== GIVEN DATA ==

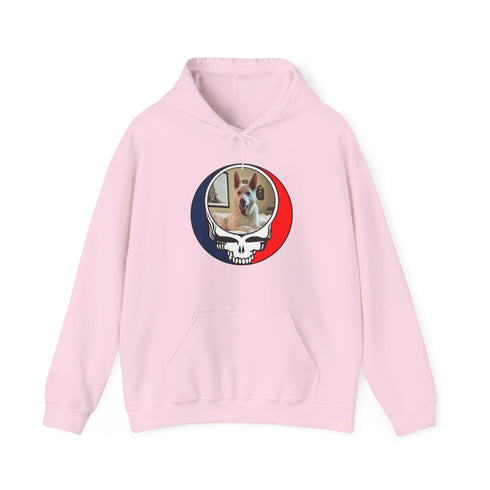 Custom Dog Premium Unisex Stealie Hoodie
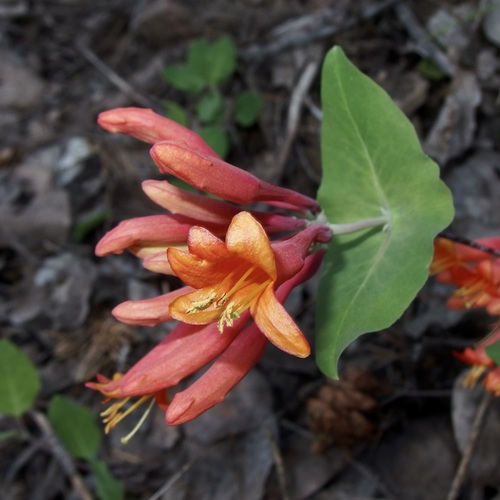 Arizona honeysuckle (Lonicera arizonica)
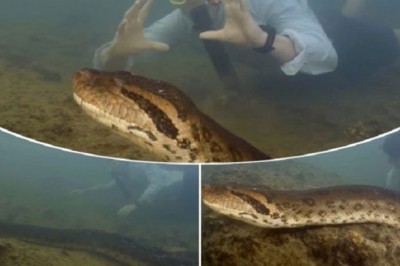 Unveiling the Colossal: World's Largest Snake Discovered in Amazon Rainforest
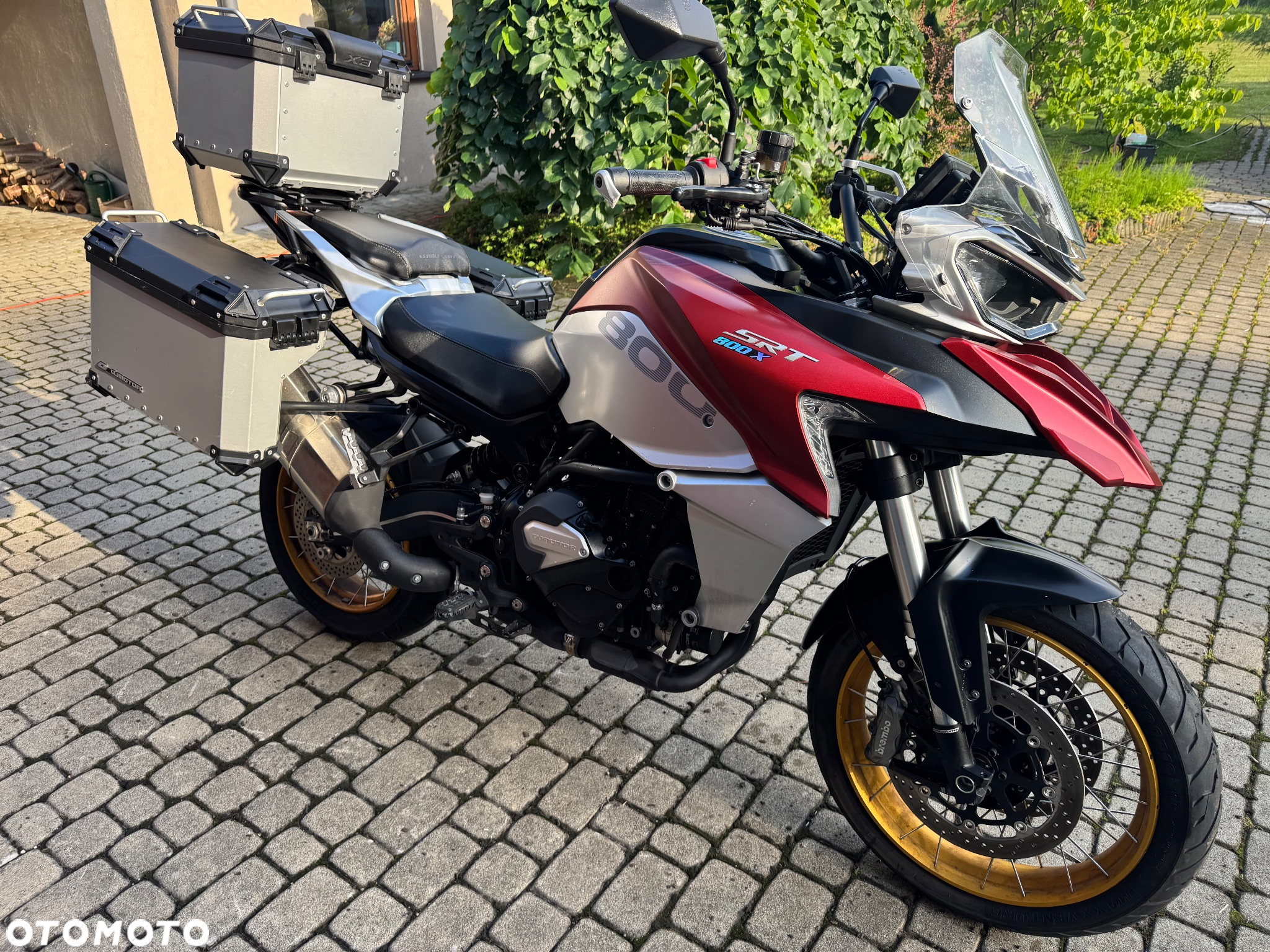 QJMOTOR SRT 800SX - 2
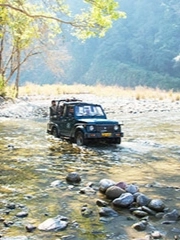 Dhikala jeep safari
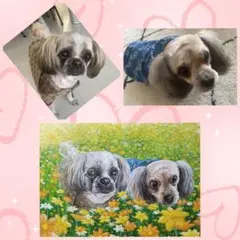 ペット似顔絵　オーダーメイド　犬　猫　ペット　お描きします♪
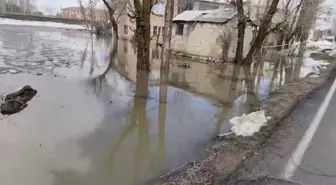 Muş'ta sağanak nedeniyle ev ve ahırları su bastı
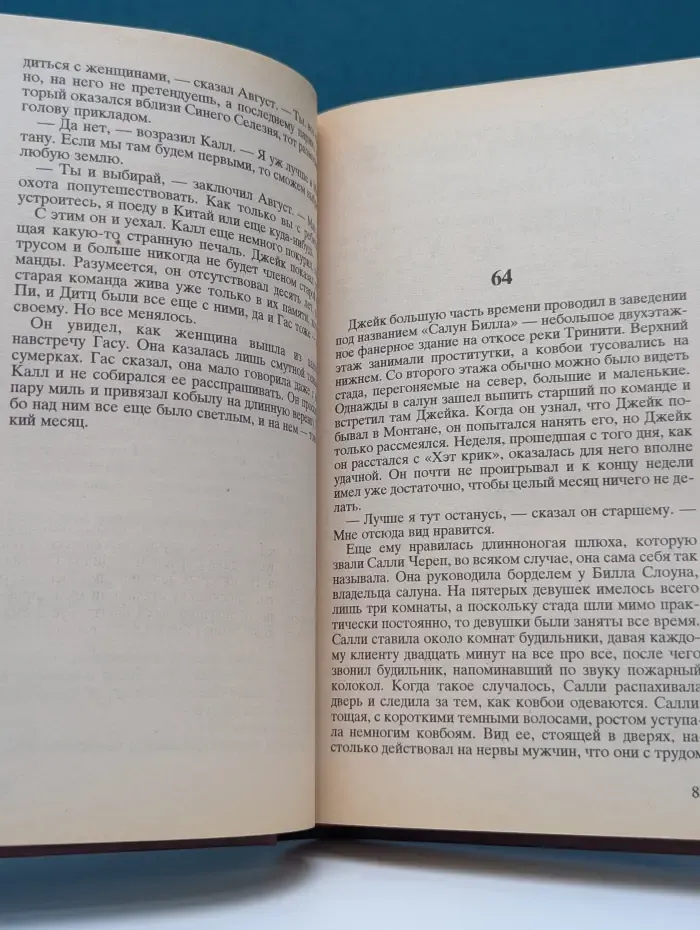 Одинокий голубь. Книга 2
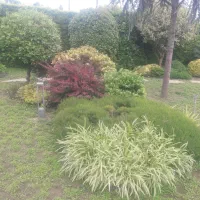 خدمات باغبانی و چیدن میوه روی درخت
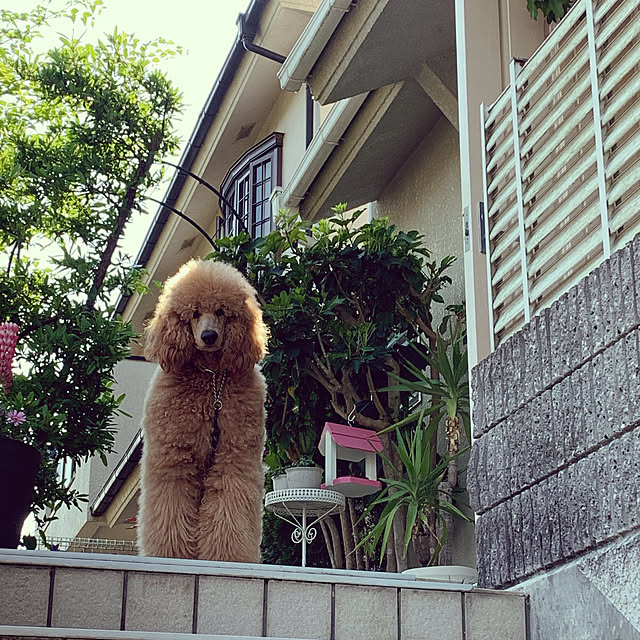 shojiさんの実例写真
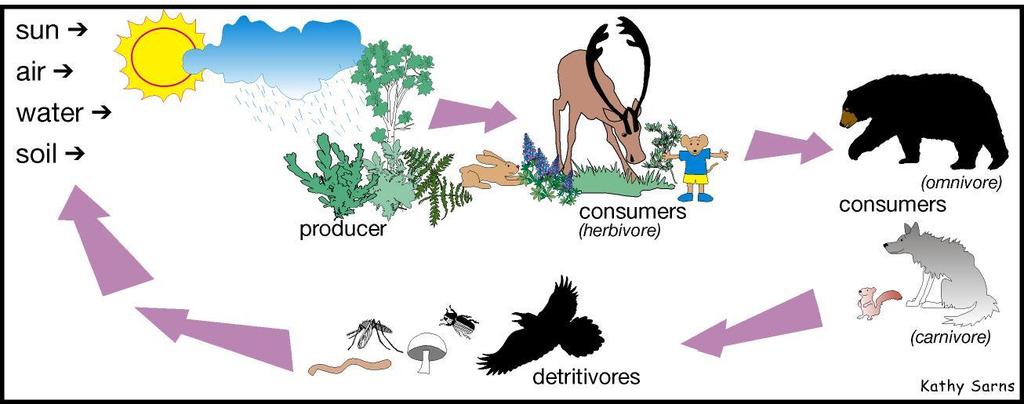 Plant-eating animals, or herbivores, such as grasshoppers and butterflies feed at the trophic level of the primary consumer.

===

Output every record exactly, minus the pictures.

=== WRITTEN REPLY ===
 Custom Dog Premium Unisex Stealie Hoodie
 Arizona honeysuckle (Lonicera arizonica)
 Unveiling the Colossal: World's Largest Snake Discovered in Amazon Rainforest
 QJMOTOR SRT 800SX - 2
 Dhikala jeep safari
 ペット似顔絵　オーダーメイド　犬　猫　ペット　お描きします♪
 Muş'ta sağanak nedeniyle ev ve ahırları su bastı
 Одинокий голубь. Книга 2
 خدمات باغبانی و چیدن میوه روی درخت
 shojiさんの実例写真
 Plant-eating animals, or herbivores, such as grasshoppers and butterflies feed at the trophic level of the primary consumer.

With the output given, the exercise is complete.